Cornelius v. Cornelius, Unpublished Decision (11-5-1999)

OPINION Darlene Cornelius appeals from a determination by the Darke County Court of Common Pleas that it had jurisdiction to grant her a divorce from Richard Cornelius, but lacked personal jurisdiction over Mr. Cornelius, thus preventing its entering any "monetary orders" against him. Mrs. Cornelius assigns as error this determination. We affirm.

The pertinent facts are straightforward and undisputed. Mrs. Cornelius filed a complaint for divorce March 10, 1999, together with a motion for temporary spousal support. An ex parte order for temporary spousal support was entered the same date. Mr. Cornelius was served in Sarasota, Florida, March 23, by certified mail. On April 23, 1999, Mr. Cornelius moved to dismiss "for lack of jurisdiction to (sic) Defendant in personam and in rem and to cease ex parte order." Mr. Cornelius conceded that the trial court had subject matter jurisdiction to grant Mrs. Cornelius a divorce due to her having lived in Ohio for over six months. He contended, however, that the trial court lacked personal jurisdiction over him to enter support orders or orders affecting his interests in Florida. Essentially, he argued that he lacked "minimum contacts" with Ohio sufficient to allow an Ohio court to exercise personal jurisdiction over him consistent with Due Process. See International Shoe Co. v. Washington (1945),326 U.S. 310. He supported his motion with an affidavit as follows:

STATE OF FLORIDA

COUNTY OF MANATEE

1. This Affidavit is prepared for the limited purpose of challenging the exercise of jurisdiction by the Darke County Court of Common Pleas of Greenville, Ohio, over the person of the Affiant, who does not consent to the jurisdiction of the Court.
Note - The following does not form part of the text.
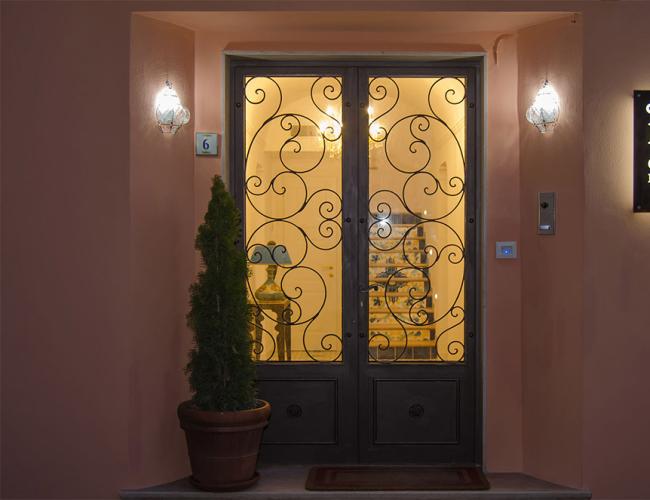 Ingresso illuminato di un B&B con porta in ferro battuto e insegna luminosa.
2. The Affiant and DARLENE J. CORNELIUS were married in Sarasota, Florida, on July 3, 1996.

3. DARLENE J. CORNELIUS separated from the Affiant in Florida in May 1998.

4. Since the marriage of the parties, the Affiant has not resided in the State of Ohio.

5. Although the Affiant has not visited DARLENE J. CORNELIUS in the State of Ohio since her separation from him in May 1998, she has visited him in Florida since that time.

6. Since May 1998 when DARLENE J. CORNELIUS separated from me, I have not been in the State of Ohio.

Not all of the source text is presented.